Margin Call is set right before we went over the most recent financial cliff (in 2008) when some members of a Wall Street investment bank realize it will be over for them very, very soon. It’s not a thriller, or a morality tale. It’s not a docu-drama, or a satire. It’s a movie about an investment bank that realizes it will be over for them very, very soon. That’s it. Plus, good acting. One thing you should keep in mind when you watch a movie like Margin Call is that during the Great Depression (the real one, in the 1930s), the unemployment rate was twenty-five percent. Twenty-five percent! As much as we’d like to think it’s never been this bad, it’s been worse. As the CEO of an unnamed investment bank, Jeremy Irons says much the same thing while he eats a steak after ordering the firing of most of his employees and the screwing of most of his customers. Welcome to Wall Street!
Set in one 24-hour period after this investment bank (Lehman Brothers?) realizes, thanks to the work of one fired analyst (Stanley Tucci) and one whiz kid (Zachary Quinto), that they probably only have a few more days before their bad assets (subprime mortgages aren’t stated directly but strongly implied) bring them down. The executive management team -- Irons, Simon Baker, Demi Moore, Kevin Spacey, Paul Bettany, and one of the correspondents from The Daily Show [That'd be Aasif Mandvi - Ed.], try to figure out what to do. Of course, there isn’t a lot of tension in that fact. They’re going to try to shift the loss onto someone else. In the process, they are going to figure out ways that they can all still come out of this with an obscene amount of money.
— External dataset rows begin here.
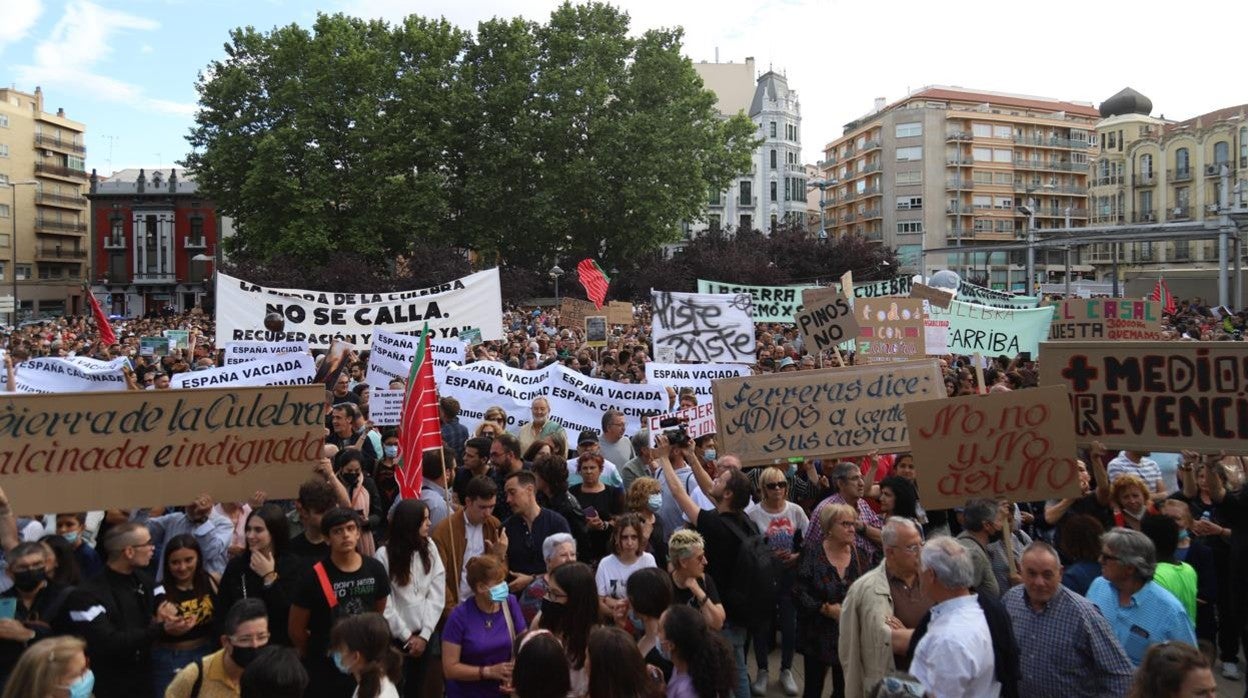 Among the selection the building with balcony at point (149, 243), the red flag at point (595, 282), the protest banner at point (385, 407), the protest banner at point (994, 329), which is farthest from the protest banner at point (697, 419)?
the building with balcony at point (149, 243)

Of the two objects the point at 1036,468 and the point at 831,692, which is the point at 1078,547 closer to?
the point at 1036,468

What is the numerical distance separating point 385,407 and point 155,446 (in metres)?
4.20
The problem is that the movie is almost completely devoid of tension. Everyone caves in for the bucks, but it’s not like we don’t already know that many people is nice suits with nice cars don’t have much in the way of ethics. In their own way, both Spacey’s salesman and Tucci’s risk manager briefly put morals before dollars, but not for long, and since the suckers are unseen (and also big greedy banks) it’s not like we much care that they are being screwed. It’s also hard, although Quinto occasionally tries to explain to others exactly what’s up, to figure out exactly how this happened or what is happening to bring it all down. So mostly it’s people in offices having conversations about things you don’t fully understand.
So why watch this thing? That’s actually a good question. Look at the cast list and you realize the acting is going to be fantastic, and it is. Plus, first-time writer/director J.C. Chandor should be commended for not tossing in a ridiculous hero situation or a moralizing speech. It would ring false and this movie mostly has the ring of truth, but with no hero, no tension, no goal, it’s a movie that exists mostly to watch some good actors in some scenes that don’t always make sense.
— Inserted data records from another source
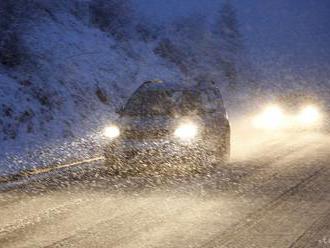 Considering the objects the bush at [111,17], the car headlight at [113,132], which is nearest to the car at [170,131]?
the car headlight at [113,132]

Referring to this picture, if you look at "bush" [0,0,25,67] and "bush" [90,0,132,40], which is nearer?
"bush" [0,0,25,67]

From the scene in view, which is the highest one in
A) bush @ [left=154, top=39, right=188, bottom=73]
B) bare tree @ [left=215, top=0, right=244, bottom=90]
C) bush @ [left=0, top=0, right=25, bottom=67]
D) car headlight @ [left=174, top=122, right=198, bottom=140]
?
bare tree @ [left=215, top=0, right=244, bottom=90]

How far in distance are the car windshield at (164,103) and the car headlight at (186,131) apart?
62 centimetres

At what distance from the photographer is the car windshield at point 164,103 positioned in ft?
40.6

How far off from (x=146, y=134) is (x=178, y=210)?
147 inches

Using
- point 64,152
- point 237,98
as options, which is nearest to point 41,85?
point 64,152

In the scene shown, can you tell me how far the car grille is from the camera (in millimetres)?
11362

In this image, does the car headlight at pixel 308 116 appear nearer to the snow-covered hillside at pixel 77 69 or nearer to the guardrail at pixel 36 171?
the snow-covered hillside at pixel 77 69

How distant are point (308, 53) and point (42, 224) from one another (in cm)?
5943

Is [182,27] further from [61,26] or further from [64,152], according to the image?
[64,152]

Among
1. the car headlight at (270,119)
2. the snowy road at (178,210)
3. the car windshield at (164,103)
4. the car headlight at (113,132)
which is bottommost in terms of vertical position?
the snowy road at (178,210)

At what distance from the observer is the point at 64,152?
1562 cm

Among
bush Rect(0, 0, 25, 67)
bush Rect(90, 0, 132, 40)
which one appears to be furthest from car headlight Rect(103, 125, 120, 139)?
bush Rect(90, 0, 132, 40)

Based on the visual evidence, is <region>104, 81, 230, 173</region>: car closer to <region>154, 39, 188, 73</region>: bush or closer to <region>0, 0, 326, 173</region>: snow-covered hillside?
<region>0, 0, 326, 173</region>: snow-covered hillside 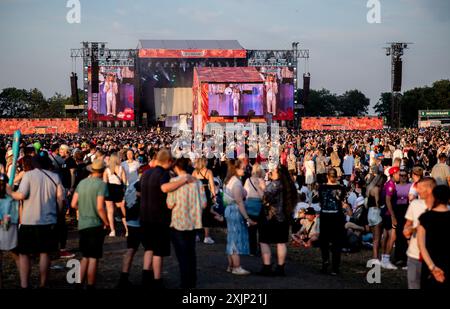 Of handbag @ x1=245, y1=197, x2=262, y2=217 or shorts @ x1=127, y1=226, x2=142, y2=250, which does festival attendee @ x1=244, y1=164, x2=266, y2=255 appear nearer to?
handbag @ x1=245, y1=197, x2=262, y2=217

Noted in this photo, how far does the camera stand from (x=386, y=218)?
9695mm

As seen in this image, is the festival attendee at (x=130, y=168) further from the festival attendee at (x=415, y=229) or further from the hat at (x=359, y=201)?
the festival attendee at (x=415, y=229)

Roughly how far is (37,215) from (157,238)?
4.23ft

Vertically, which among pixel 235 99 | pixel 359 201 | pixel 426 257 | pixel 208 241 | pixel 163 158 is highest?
pixel 235 99

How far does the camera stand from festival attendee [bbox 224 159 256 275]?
8.89m

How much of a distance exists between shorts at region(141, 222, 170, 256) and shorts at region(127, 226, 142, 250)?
452 millimetres

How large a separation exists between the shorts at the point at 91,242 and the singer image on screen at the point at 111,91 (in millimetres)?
51712

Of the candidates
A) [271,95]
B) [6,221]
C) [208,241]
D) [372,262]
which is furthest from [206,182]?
[271,95]

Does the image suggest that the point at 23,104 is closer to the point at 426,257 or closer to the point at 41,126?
the point at 41,126

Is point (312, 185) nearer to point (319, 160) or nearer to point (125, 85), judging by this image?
point (319, 160)

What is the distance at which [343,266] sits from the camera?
10070 millimetres

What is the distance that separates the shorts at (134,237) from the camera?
26.5 feet

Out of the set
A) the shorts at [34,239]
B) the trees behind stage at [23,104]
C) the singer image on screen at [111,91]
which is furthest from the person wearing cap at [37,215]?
the trees behind stage at [23,104] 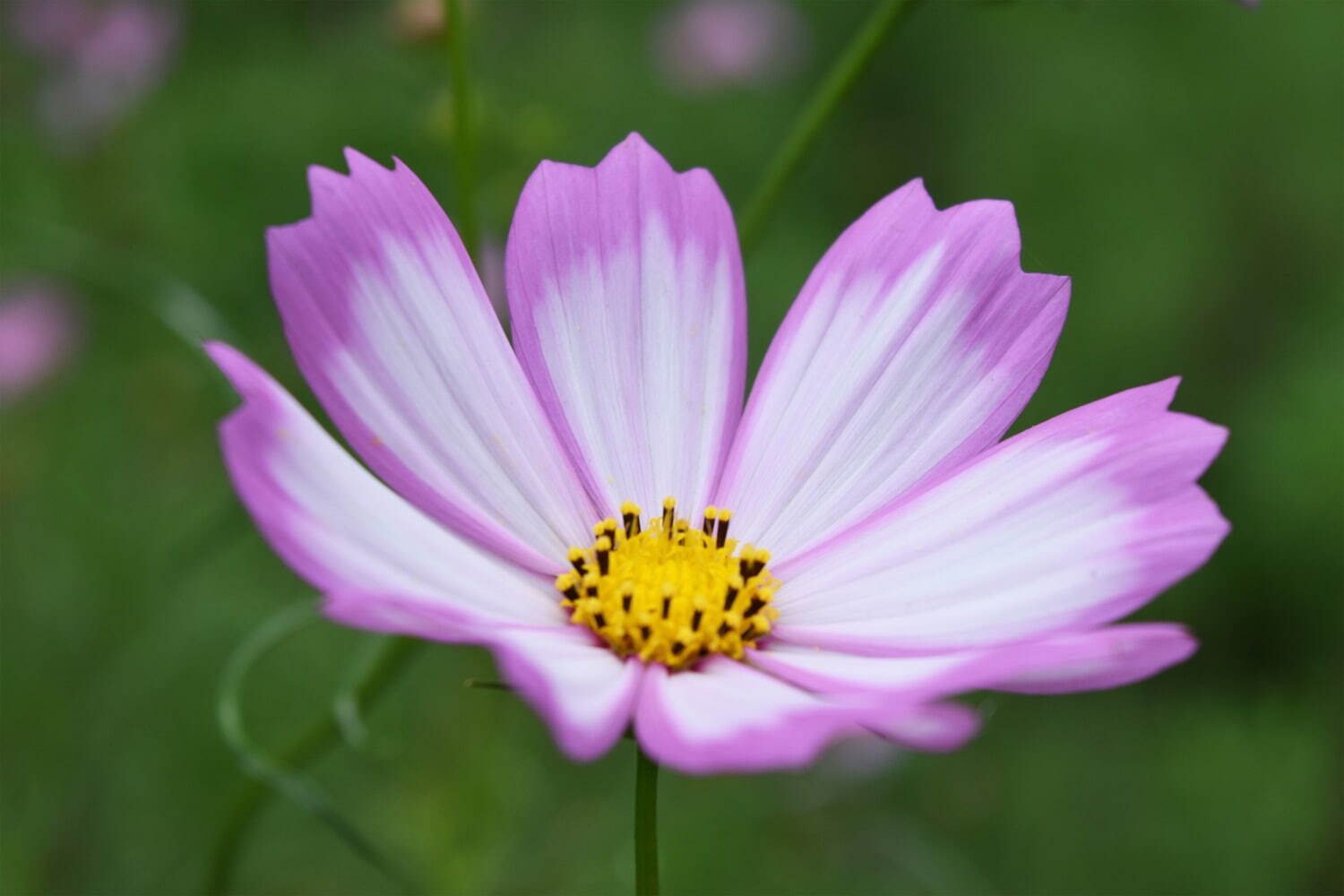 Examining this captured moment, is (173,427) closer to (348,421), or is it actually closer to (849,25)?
(348,421)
Margin Call made almost no money in the theater despite positive reviews and a great cast. After watching it, I can understand why. It’s hard to determine who the audience is or what they would get out of it. I grudgingly recommend it based on the acting and the conviction of its principles to go for realism over false heroism (although there is a dead dog, so shame on director Chandor for that). Despite its quick death at the box office (although it’s actually still playing at a theater near my house), Margin Call gets a few extras on DVD to make it worth watching for anyone interested in good acting, the financial crisis, or how Zachary Quinto looks without hero powers or Spock ears.
Writer/director J.C. Chandor and producer Neal Dodson (Quinto was another producer but isn’t a big player in the extras) provide an informative commentary. There are the usual “so in so is such a great actor” comments, but there is also a lot of specific information about the locations, problems, and some of the background actors. It’s just good inside information that tells you more about making a relatively high-powered (actor wise) movie on a small budget. Worth a listen.
There are two deleted scenes, lasting about five minutes total. Chandor and Dodson provide an optional commentary on both. The first shows Quinto getting coffee and running into an old girlfriend (played by Meryl Streep’s daughter), and the nice moment that is shared between the two of them. Chandor says it was cut due to how badly it was shot, but it looks okay and would have humanized the story a bit more. The other scene involves Jeremy Irons giving a pep talk to some of the troops right before they start to screw all their customers. He’s perfectly self-righteous, but it covers the same ground as some other scenes so cutting it makes sense.
The other extras includes a brief featurette called “Revolving Door: The Making of Margin Call.” It’s pretty typical, although it includes an interview with J.C. Chandor’s father who worked as a trader at Merrill Lynch for more than 30 years and seems to be somewhat the model for the Stanley Tucci character. Everyone else talks about how it was such an awesome script they couldn’t not do it. There is also something called “Missed Calls” which feels like a gag reel but is really just some not particularly funny video from shot set-ups and the actors waiting around for shots to start. It’s only about two minutes.
I’m not sure what to say about this movie. It should be better than it is? Good performances, interesting camera work, important subject matter, and adherence to realism over movie-type actions all work in its favor, but it’s just sorta there. It doesn’t push you or enlighten you and the extras are nice but not special. I’d say check it out but don’t say I didn’t at least warn you it might be underwhelming.